Hmm. I've been wondering what would be the best way to respond to your comment, and upon rereading I'm struck by your idea of rehabilitation. It's striking because it reminds me of some of the material I was reading about the reclamation of slurs (which is funny, as we were speaking about slurs in an outside discussion).
Even among linguists and philologists, it's up in the air as to whether slurs can ever truly be reclaimed or rescued from their function as asserting a derogatory status upon its target. But we see marginalized communities try to do just that. This is especially true in the LGBTQ+ communities, notably with the retrofitting of 'queer', turning the term, if not entirely positive, then decidedly neutral, from a connotation that had been emphatically negative. So I think there's something to be said about the possibility of taking away or fundamentally changing the semantic / semiotic core of a word or phrase.
Slogans are their own animal. They're almost impossible to craft intentionally and, once one accumulates or is endowed with power, they're almost impossible to stamp out. I came across a fascinating article from just about a century ago, by an esteemed sociologist named Muzafer Sherif. He details different aspects of slogans and relates them partially to functions in propaganda (which is why I was reading the piece in the first place).

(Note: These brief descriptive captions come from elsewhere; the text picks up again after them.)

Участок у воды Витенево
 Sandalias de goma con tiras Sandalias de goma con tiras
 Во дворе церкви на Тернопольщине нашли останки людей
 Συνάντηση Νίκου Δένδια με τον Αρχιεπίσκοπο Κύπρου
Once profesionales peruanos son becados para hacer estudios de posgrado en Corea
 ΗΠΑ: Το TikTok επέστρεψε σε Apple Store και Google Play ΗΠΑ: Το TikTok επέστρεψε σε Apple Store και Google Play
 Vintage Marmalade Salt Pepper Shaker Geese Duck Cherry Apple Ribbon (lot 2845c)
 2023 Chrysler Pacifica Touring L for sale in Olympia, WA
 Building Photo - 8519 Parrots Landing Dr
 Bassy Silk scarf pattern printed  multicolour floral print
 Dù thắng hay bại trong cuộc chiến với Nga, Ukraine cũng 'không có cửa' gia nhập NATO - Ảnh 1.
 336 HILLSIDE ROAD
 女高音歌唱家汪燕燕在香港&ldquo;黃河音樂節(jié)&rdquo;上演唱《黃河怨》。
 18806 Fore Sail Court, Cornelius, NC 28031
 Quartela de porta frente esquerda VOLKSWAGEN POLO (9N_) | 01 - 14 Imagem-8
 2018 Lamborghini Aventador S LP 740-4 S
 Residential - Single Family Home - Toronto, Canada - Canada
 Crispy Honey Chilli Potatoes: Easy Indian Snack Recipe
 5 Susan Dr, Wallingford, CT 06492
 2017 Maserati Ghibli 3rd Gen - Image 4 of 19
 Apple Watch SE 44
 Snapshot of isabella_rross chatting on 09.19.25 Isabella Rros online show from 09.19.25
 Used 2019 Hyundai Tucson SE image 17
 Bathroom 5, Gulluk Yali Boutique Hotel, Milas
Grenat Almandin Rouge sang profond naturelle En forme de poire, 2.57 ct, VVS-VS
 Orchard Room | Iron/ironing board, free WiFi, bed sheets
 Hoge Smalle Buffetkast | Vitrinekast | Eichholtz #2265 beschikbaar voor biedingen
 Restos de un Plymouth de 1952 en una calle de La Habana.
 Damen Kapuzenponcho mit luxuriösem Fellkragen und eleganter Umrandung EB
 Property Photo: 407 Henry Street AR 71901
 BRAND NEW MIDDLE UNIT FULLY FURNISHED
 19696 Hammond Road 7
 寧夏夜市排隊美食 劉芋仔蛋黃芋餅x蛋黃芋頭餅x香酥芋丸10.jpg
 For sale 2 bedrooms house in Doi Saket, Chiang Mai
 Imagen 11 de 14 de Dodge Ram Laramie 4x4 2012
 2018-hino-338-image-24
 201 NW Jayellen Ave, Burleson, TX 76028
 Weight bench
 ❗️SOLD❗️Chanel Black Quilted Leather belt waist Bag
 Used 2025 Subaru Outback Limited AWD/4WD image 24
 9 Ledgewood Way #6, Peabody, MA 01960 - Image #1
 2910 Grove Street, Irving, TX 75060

As for Meerloo, I did not know that about his background, but I know he was keenly focused on the particularities and intricacies of totalitarianism. He's also written about language, though I haven't yet invested the time -- I should give his work a hearing. It's _Conversation and Communication_ (1953).
This is very clear and helpful. Great essay! What I notice going on with this phrase is that so many Zionists live in fear. A democracy with equal rights for all seems like a threat to them because they truly believe they will always be oppressed if they don’t dominate. It’s tragic—and still more tragic because the oppression of the 20th century was real and should never be minimized.
But it’s just not true that all of us non-Jews hate Jews and wish to oppress them. It’s not true that every non-Jew is automatically an antisemite. I don’t know what we can do to combat this pervasive fear.
By the by, Yousef Munayyer was featured on Jadaliyya a few months back, and he spoke about democracy as an idea that brings terror to those looking to maintain a demographic majority in Israel:
~ 51:23: “So when we are hearing these things being characterized as annihilationist or genocidal, it’s important to understand what is meant by that. The idea of equality is considered an existential threat. We’re not talking about violence, right? We’re talking about equality before the law. Even equality before the law is considered an existential threat to the Israeli state.
“So when these things are called annihilationist, it is an effort to distract from what they are really calling for, because the idea that equality is an existential threat is nonsense. To whom is inequality an existential threat other than inequality, right? . . .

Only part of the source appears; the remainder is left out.